ABBOTT PARK, Ill., June 11, 2013 /PRNewswire/ -- Abbott (NYSE: ABT) today announced that it has initiated the ABSORB Japan randomized controlled clinical trial to evaluate the Absorb™ Bioresorbable Vascular Scaffold (BVS) in patients with coronary artery disease (CAD), the most common form of heart disease. 1 The results of this trial will support regulatory filings with the Japanese Pharmaceutical and Medical Devices Agency (PMDA) for approval of Absorb BVS in Japan.

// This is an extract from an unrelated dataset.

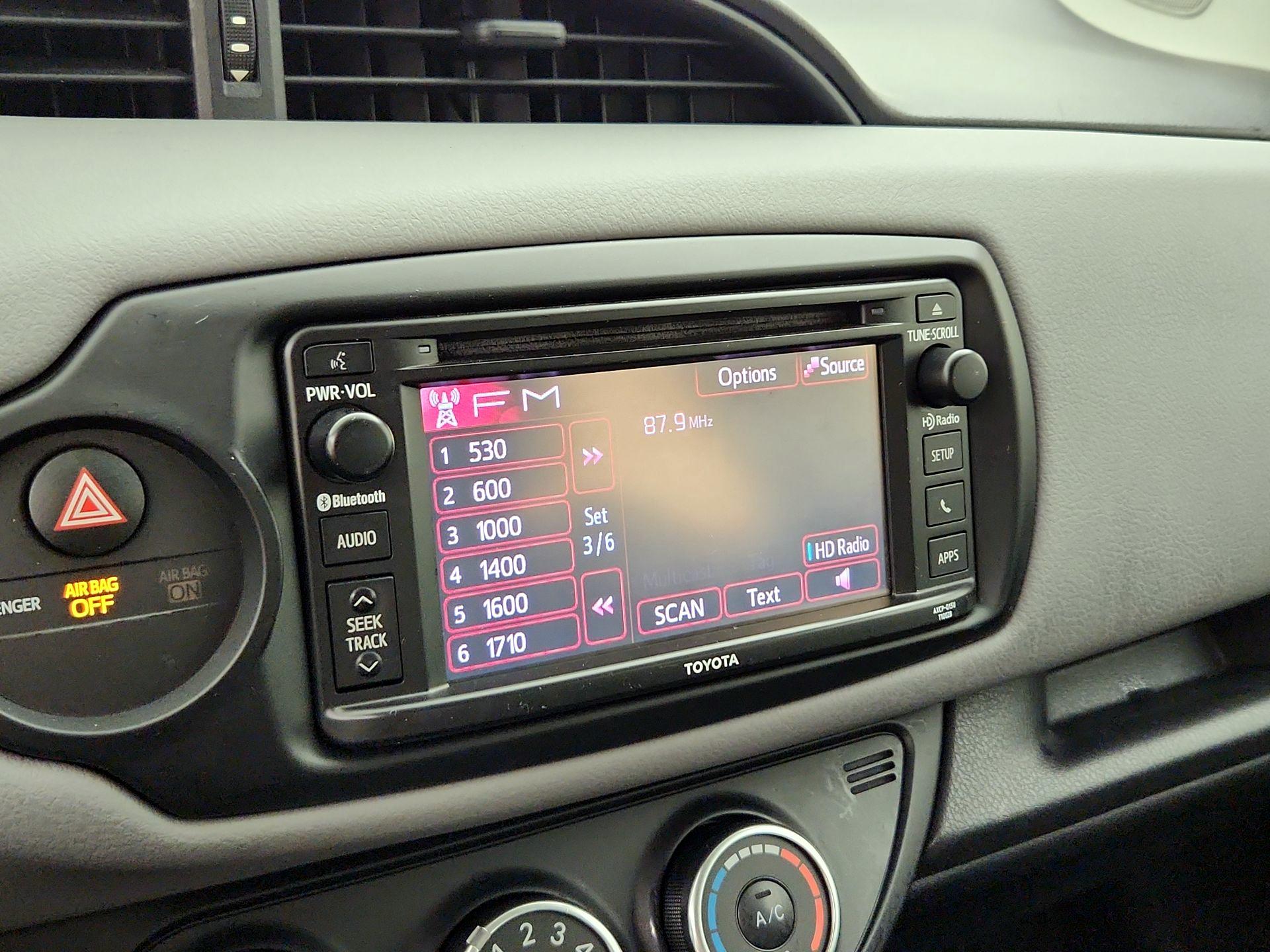 Thumbnail: 2015 Toyota Yaris - 14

The Absorb BVS, a drug eluting, fully bioresorbable vascular scaffold, is a small mesh tube designed to open a blocked heart vessel, restore blood flow to the heart and then dissolve into the vessel over time. 2 Unlike a metallic stent that remains permanently in the body, Absorb is referred to as a scaffold to indicate that it is a temporary structure. Abbott's Absorb is made of polylactide, a naturally dissolvable material that is commonly used in medical implants such as dissolving sutures.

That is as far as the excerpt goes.